This Radon 153.0352.3 came to me for a battery exchange which I was able to perform as the customer waited. However, the watch didn’t come to life with its new 321 cell. I offered to service the movement for $50.00, and the customer was happy with the price.
The watch has an ETA 976.001 movement, which was quite dirty. The movement, however, is quality and the most common problems we experience with them are that they’re simply too dirty to run. I disassembled and cleaned/oiled the movement shortly after the customer left due to a cancelled appointment.
Upon reassembling it, I went to set the time and found a loose crown (the crown stem/crown with this movement are a TAP 9, while most of these movements use a TAP 10 stem) which I repaired by separating, adding a dab of red Loctite to the stem, and then firmly screwing the crown down.

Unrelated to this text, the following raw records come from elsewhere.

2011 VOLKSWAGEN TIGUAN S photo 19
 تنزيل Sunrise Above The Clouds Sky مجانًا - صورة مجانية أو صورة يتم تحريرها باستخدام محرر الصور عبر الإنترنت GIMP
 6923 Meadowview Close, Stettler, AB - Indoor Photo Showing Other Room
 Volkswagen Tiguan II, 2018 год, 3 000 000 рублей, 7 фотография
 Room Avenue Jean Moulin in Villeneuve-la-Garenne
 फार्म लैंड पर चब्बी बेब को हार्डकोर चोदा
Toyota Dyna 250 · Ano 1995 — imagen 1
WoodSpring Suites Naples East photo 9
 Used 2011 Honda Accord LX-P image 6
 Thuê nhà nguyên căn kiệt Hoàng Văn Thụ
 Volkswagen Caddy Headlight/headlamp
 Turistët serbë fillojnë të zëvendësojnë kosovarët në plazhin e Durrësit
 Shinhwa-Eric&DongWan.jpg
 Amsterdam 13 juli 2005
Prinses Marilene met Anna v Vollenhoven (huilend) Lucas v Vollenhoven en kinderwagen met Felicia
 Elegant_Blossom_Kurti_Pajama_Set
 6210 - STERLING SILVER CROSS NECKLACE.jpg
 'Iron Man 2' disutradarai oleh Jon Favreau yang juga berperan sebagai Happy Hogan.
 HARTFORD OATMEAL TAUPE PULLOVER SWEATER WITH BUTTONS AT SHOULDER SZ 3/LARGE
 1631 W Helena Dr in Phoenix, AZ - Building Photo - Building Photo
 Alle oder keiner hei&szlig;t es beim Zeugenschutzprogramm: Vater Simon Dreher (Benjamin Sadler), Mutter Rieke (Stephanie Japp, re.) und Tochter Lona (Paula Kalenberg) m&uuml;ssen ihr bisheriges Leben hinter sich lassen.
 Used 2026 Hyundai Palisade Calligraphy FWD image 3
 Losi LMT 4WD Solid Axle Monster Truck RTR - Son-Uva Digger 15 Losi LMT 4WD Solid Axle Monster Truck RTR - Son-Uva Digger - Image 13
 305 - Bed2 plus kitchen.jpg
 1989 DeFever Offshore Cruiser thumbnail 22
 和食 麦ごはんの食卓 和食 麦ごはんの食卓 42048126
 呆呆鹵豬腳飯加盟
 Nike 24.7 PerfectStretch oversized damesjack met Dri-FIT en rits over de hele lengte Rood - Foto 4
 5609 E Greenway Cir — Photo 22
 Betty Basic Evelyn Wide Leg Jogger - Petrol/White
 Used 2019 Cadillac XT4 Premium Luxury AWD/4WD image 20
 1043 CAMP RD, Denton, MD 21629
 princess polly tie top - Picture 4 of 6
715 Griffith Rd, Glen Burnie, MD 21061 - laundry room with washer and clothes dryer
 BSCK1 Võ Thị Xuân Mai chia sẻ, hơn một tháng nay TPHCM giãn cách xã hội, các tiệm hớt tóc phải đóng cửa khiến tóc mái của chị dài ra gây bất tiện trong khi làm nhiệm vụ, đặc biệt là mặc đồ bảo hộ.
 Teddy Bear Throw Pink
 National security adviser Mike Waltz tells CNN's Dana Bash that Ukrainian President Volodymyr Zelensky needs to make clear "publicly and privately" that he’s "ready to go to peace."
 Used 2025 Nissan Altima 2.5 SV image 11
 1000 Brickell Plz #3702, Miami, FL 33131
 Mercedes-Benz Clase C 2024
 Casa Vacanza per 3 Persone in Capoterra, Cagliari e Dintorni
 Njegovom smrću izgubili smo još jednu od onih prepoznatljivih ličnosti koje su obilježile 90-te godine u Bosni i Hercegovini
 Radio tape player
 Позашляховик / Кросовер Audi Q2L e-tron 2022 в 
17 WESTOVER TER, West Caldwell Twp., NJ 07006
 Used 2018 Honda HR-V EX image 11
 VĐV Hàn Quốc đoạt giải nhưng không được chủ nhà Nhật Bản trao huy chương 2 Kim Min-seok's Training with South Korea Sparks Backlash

I’m testing the watch over the weekend (bad weather in the area, and the customer can’t make it in today), but it is a fine woman’s watch with great visual appeal – I can understand why the customer chose to have it repaired, and I’m glad it was just a straightforward service with little material cost.
So, what could have gone wrong with this watch? It was pretty dirty when I opened it up. The customer didn’t want a full cleaning of the case, but I did remove dirt from around the seal. Had it been dirty enough that major damage had occurred, we would have replaced the movement. That would have added significant materials cost, and put the repair in the $130 range (due to material costs).